- _Activity_: In the copy, include no images. Reproduce the entries exactly.

*** Records for the task Section Begins ***

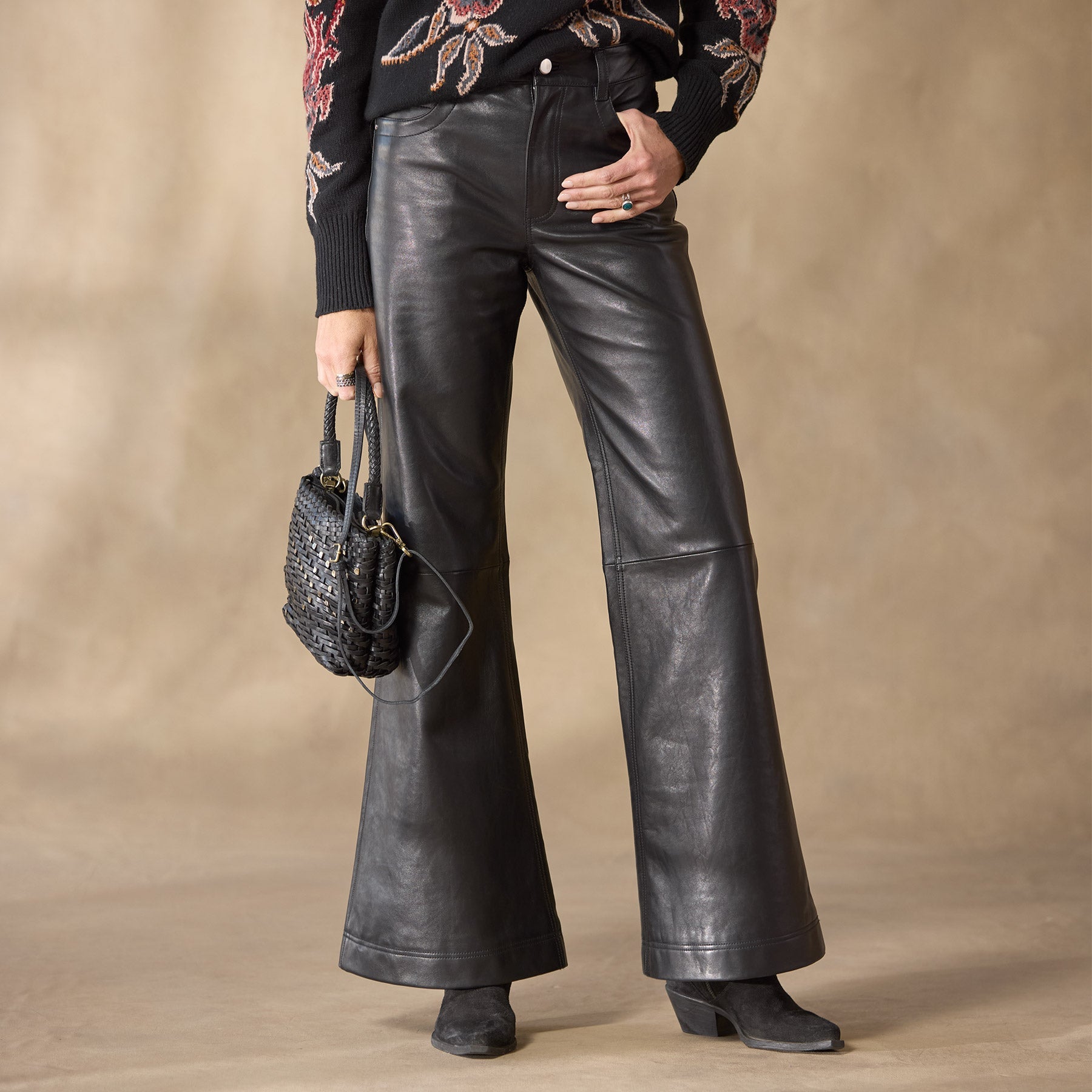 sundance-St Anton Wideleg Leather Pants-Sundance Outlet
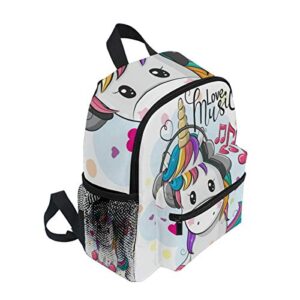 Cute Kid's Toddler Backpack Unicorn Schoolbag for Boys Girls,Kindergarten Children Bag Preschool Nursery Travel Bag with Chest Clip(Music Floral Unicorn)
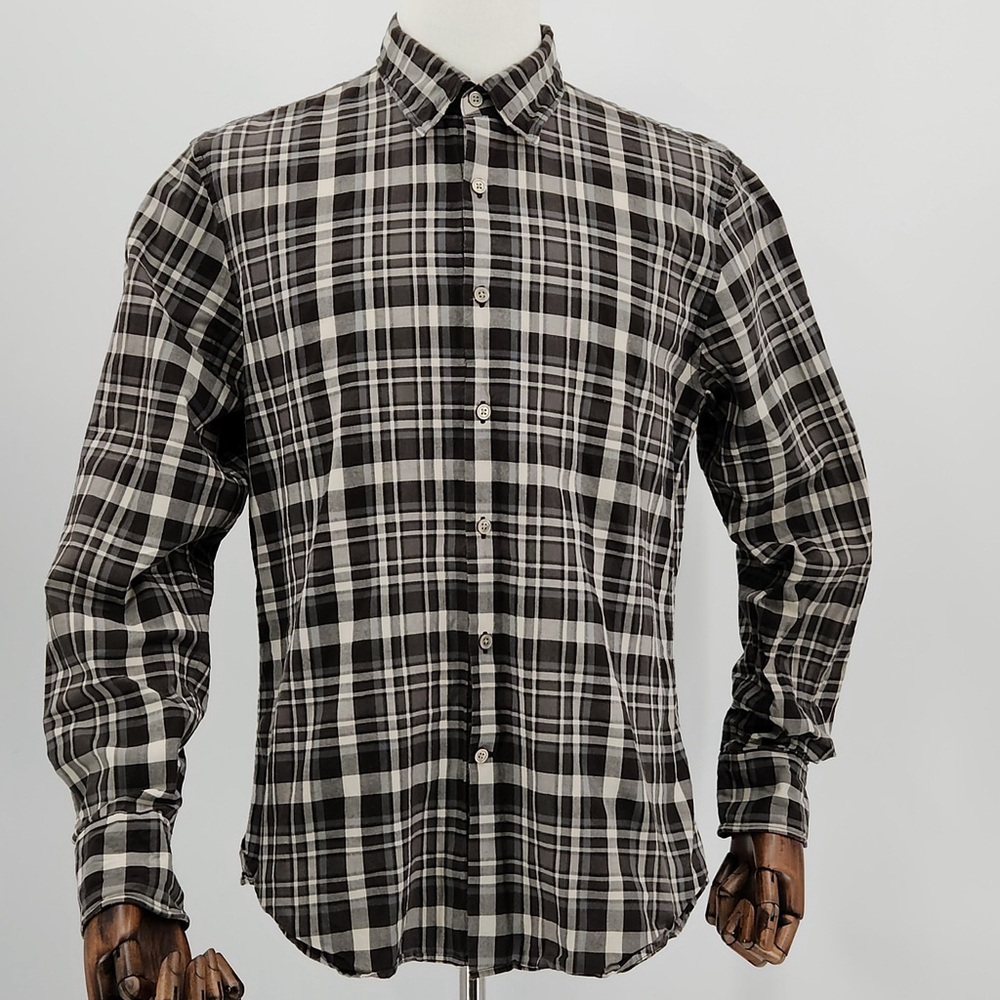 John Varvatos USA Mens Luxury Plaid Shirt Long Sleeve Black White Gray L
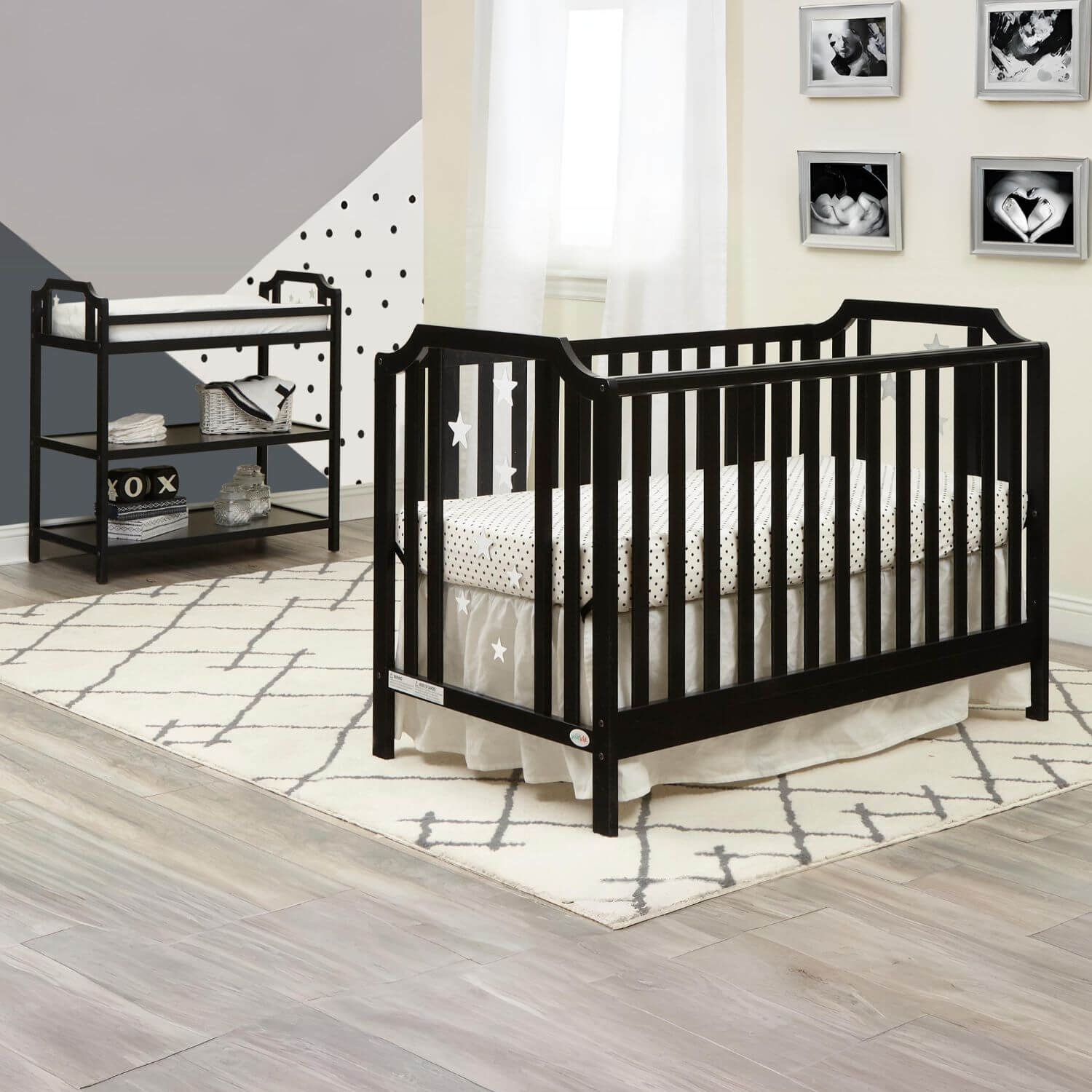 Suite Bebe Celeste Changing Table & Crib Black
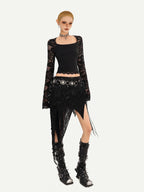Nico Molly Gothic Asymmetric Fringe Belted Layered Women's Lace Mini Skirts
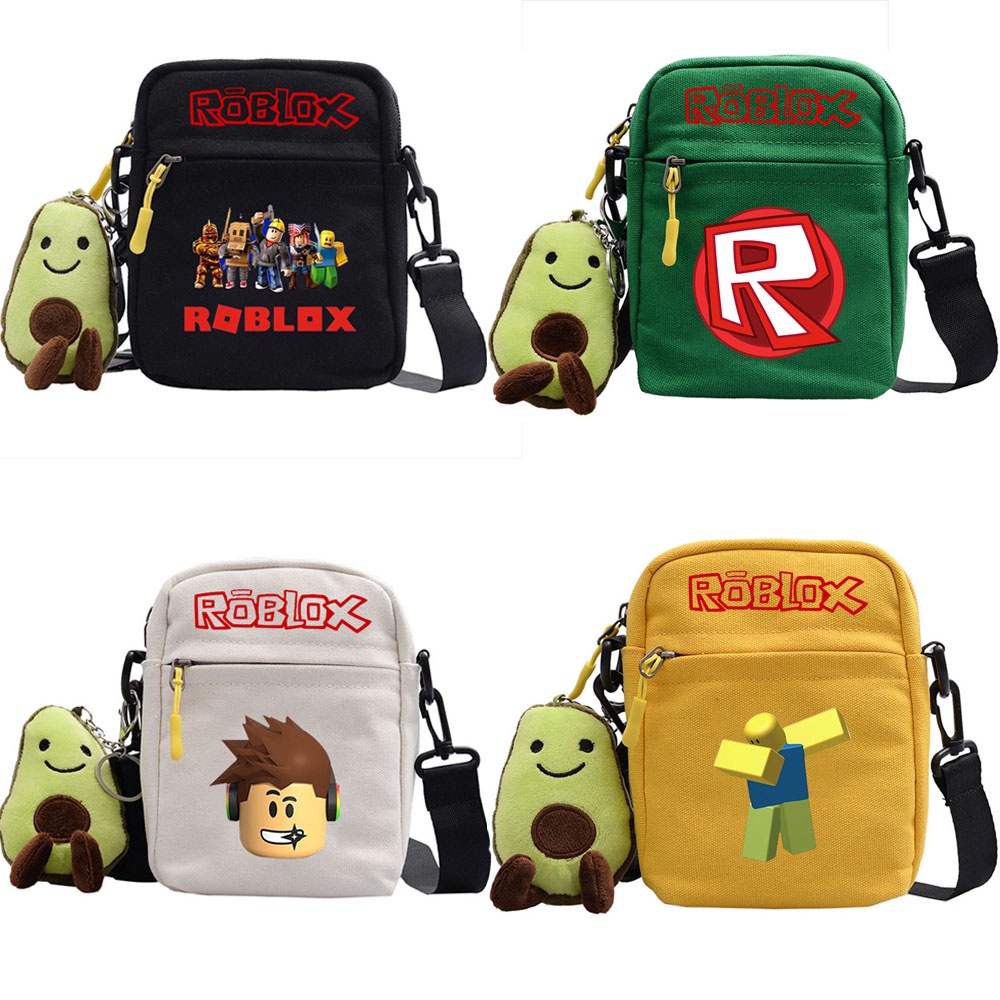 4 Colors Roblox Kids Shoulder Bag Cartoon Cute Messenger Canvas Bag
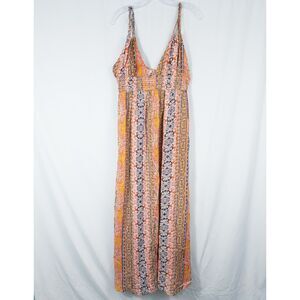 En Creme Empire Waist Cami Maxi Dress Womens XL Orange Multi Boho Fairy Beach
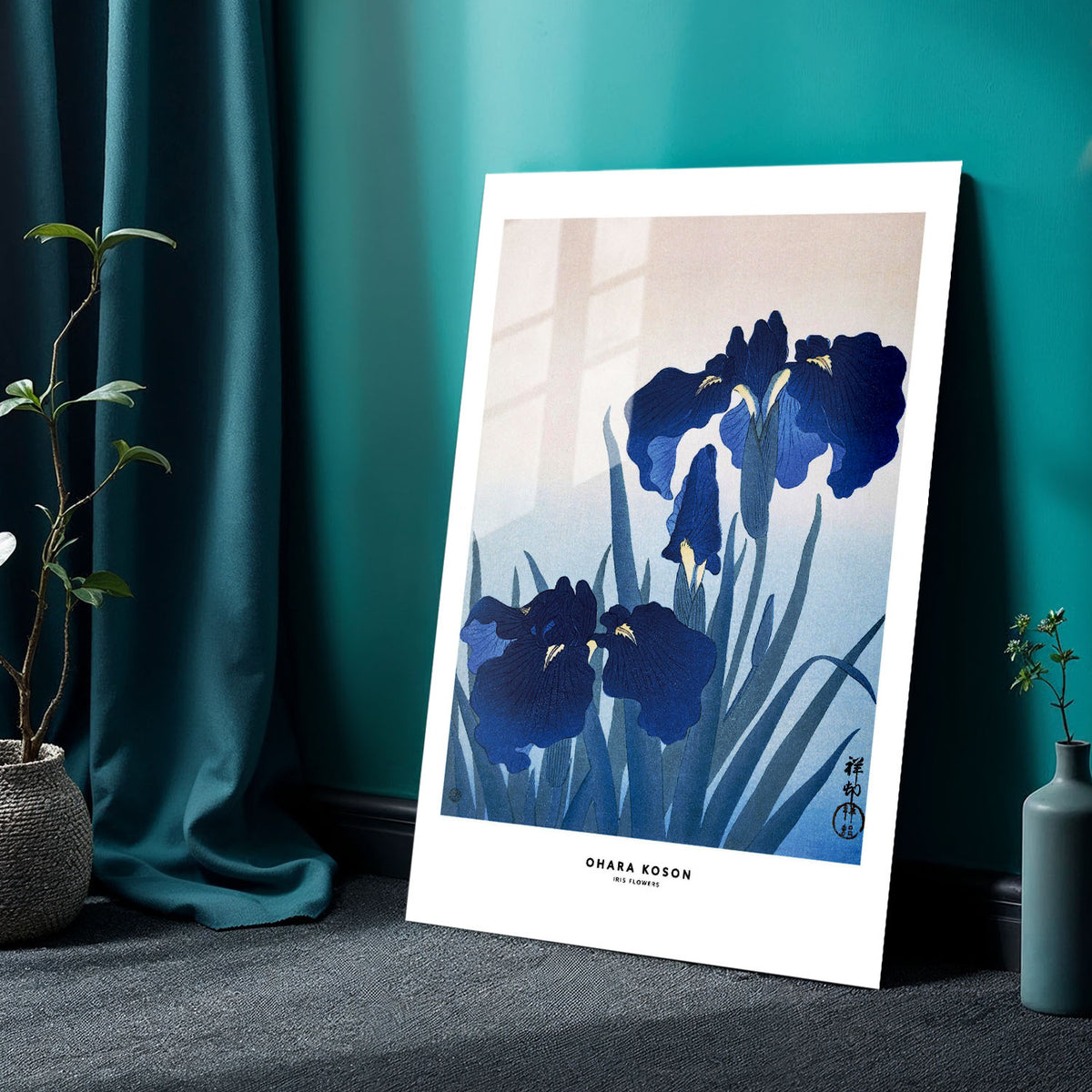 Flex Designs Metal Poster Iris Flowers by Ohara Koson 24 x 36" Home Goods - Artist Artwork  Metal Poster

*** Records for the task Section Ends ***

- _Response_:
 sundance-St Anton Wideleg Leather Pants-Sundance Outlet
 Cute Kid's Toddler Backpack Unicorn Schoolbag for Boys Girls,Kindergarten Children Bag Preschool Nursery Travel Bag with Chest Clip(Music Floral Unicorn)
 John Varvatos USA Mens Luxury Plaid Shirt Long Sleeve Black White Gray L
 Suite Bebe Celeste Changing Table & Crib Black
Nico Molly Gothic Asymmetric Fringe Belted Layered Women's Lace Mini Skirts
 4 Colors Roblox Kids Shoulder Bag Cartoon Cute Messenger Canvas Bag
 En Creme Empire Waist Cami Maxi Dress Womens XL Orange Multi Boho Fairy Beach
 Flex Designs Metal Poster Iris Flowers by Ohara Koson 24 x 36" Home Goods - Artist Artwork  Metal Poster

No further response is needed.